Free-text object descriptions
▼

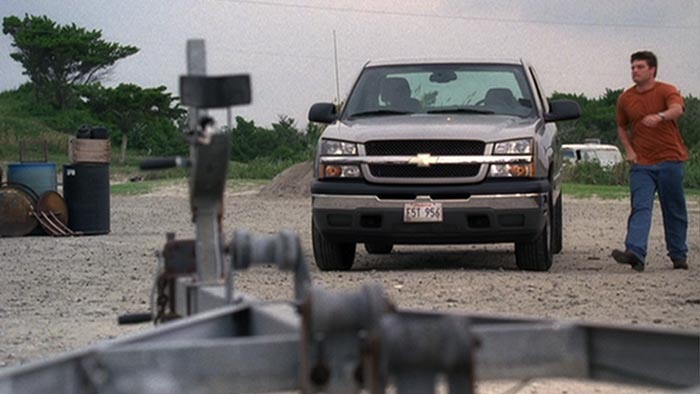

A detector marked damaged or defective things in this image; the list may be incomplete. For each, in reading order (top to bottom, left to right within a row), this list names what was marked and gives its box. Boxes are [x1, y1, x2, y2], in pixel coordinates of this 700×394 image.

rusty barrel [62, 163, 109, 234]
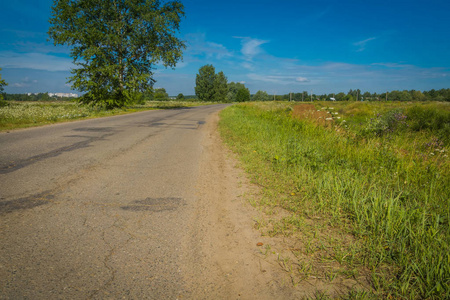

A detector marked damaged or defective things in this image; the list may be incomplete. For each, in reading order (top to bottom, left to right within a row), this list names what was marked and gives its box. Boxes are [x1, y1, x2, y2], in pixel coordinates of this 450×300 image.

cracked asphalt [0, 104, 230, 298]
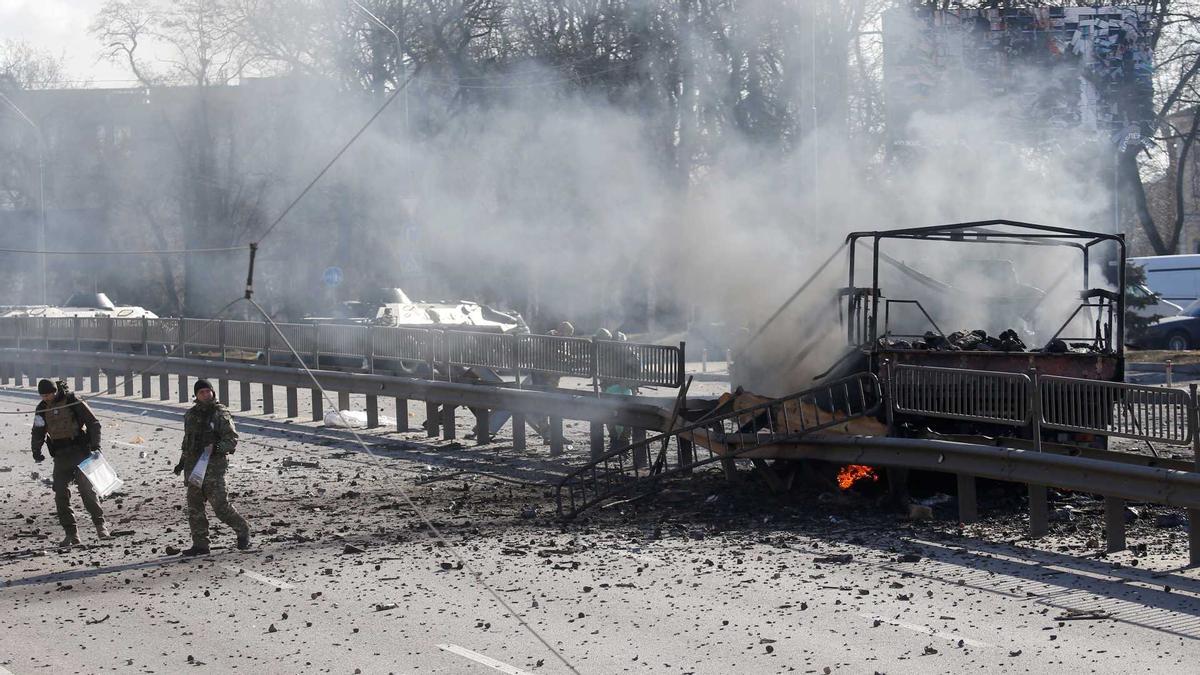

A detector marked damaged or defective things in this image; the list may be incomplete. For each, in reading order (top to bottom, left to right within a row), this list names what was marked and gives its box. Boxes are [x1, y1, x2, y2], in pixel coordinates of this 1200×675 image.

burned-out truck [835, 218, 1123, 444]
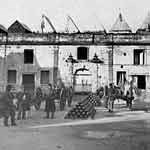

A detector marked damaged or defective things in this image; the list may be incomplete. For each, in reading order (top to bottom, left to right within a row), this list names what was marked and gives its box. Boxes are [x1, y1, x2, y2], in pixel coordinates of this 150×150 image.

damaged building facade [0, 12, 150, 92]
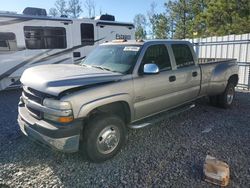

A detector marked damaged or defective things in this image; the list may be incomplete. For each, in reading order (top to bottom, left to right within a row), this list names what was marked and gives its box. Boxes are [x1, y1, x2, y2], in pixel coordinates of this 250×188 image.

▲

### EXERCISE OBJECTIVE
Print out every record above exactly as given. Do not include the pictures.

### REPLY
A detector marked damaged or defective things in this image; the list may be incomplete. For each, in reading order (top to bottom, left to right within a row), this list names what was marked and gives its box. Boxes are [x1, y1, x2, y2], in pixel coordinates of this 700×394 image.

rusty barrel [62, 163, 109, 234]

A detector marked damaged or defective things in this image; the list may be incomplete. For each, in reading order (top to bottom, left to right within a row), this list names what was marked and gives its box. Boxes are [x1, y1, x2, y2], in pixel coordinates of this 450×300 image.

cracked asphalt [0, 104, 230, 298]

A detector marked damaged or defective things in this image; the list may be incomplete. For each, in reading order (top to bottom, left to right within a row), this list names what was marked and gives its box. Boxes are [x1, y1, x2, y2], in pixel coordinates of this 1200×675 image.

burned-out truck [835, 218, 1123, 444]

A detector marked damaged or defective things in this image; the list may be incomplete. For each, in reading order (top to bottom, left to right within a row), this list names what was marked and gives its box. Boxes are [x1, y1, x2, y2], in pixel coordinates of this 150×150 image.

damaged building facade [0, 12, 150, 92]

A detector marked damaged or defective things in this image; the list may be incomplete. For each, in reading order (top to bottom, left to right within a row), this list names what was marked and gives its box. Boxes are [x1, y1, x2, y2], in pixel coordinates of this 250×188 image.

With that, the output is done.